The Life of Cape-to-Cairo Grogan.
A highly original and thoroughly engaging biography of Ewart Grogan, "the founding father of Kenya", imperial adventurer, and "the baddest and boldest of a bold bad gang" of early settlers. He is renowned for having walked six thousand miles from Cape Town to Cairo to win the hand of his bride, after his father-in-law-to-be challenged him to do "something worthwhile".
By the time he was twenty-five he had completed his trek, defying cannibals along the way, had been elected the youngest ever member of the Alpine Club for his ascents of the Matterhorn and Mont Blanc, been sent down from Cambridge for tethering a ravenous billy goat in his tutor's rooms after a prolonged session in the Red Lion public house and had walked out of the Slade, preferring to enlist as a trooper in the Second Matabele War rather than spend his days surrounded by "long-haired lizards".

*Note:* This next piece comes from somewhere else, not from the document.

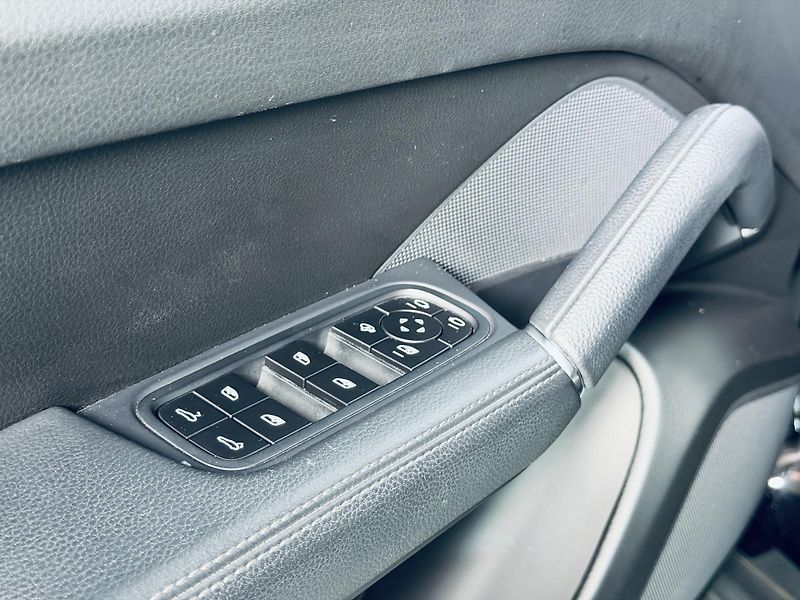 Porsche Cayenne (2022) 3.0*V6*OFFROAD*TOP - fotka 12 z 38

Within a few years he became Kenya's largest landowner and foremost entrepreneur, founded the colony's timber industry, laid the foundations of the modern capital of Nairobi, and built the docks at Mombasa. For his audacity in two world wars, operating behind enemy lines in German East Africa, Grogan was awarded the DSO, the Order of Leopold and was mentioned three times in dispatches. He was a friend and confidant of Rhodes, Milner, Kitchener, Chamberlain, Smuts, Kenyatta and a host of others.
'Lost Lion Of Empire' is a brilliant and powerful account both of the life of an exceptional man and the birth of a country.